残業が多かったあの日、私は深夜1時までオフィスで一人作業をしていました。建物内はシーンと静まり返り、エアコンの音とパソコンのキーボードを打つ音だけが響いていました。疲れた目をこすりながらデスクに座っていると、突然「ガタン!」という大きな音が遠くの方から聞こえました。
一瞬驚いたものの、「きっとどこかのドアが風で揺れただけだろう」と自分に言い聞かせ、作業を続けました。でも、その数分後。今度は「カサッ…カサッ」という微かな音が背後から聞こえます。振り返ってみましたが、そこには何もありません。
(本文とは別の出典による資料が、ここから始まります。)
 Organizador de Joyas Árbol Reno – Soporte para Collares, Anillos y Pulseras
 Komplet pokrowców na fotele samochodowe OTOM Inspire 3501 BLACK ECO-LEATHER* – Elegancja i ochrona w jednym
ただ、廊下の方向のドアがわずかに開いているようでした。
怖い気持ちを抑えながら、勇気を出して確認しに行くことにしました。廊下に出ると、薄暗い照明の下に影はありません。「やっぱり気のせいだったのか」と戻ろうとしたその時、背後から大きな音が!オフィスの中に戻ると、なんとファイル棚が倒れていました。その近くには、まるで誰かが立っていたかのような足音が…。
「誰かいるんですか?」と声をかけましたが返事はなし。心臓の音が耳に響く中、警備員に連絡をし、建物全体を確認してもらいました。しかし、誰もいないという結論に。風が原因だと片付けられましたが、本当にそうなのでしょうか?
あの日からというもの、深夜のオフィスに一人でいるのが怖くてたまりません。あの影と音は、一体何だったのか…。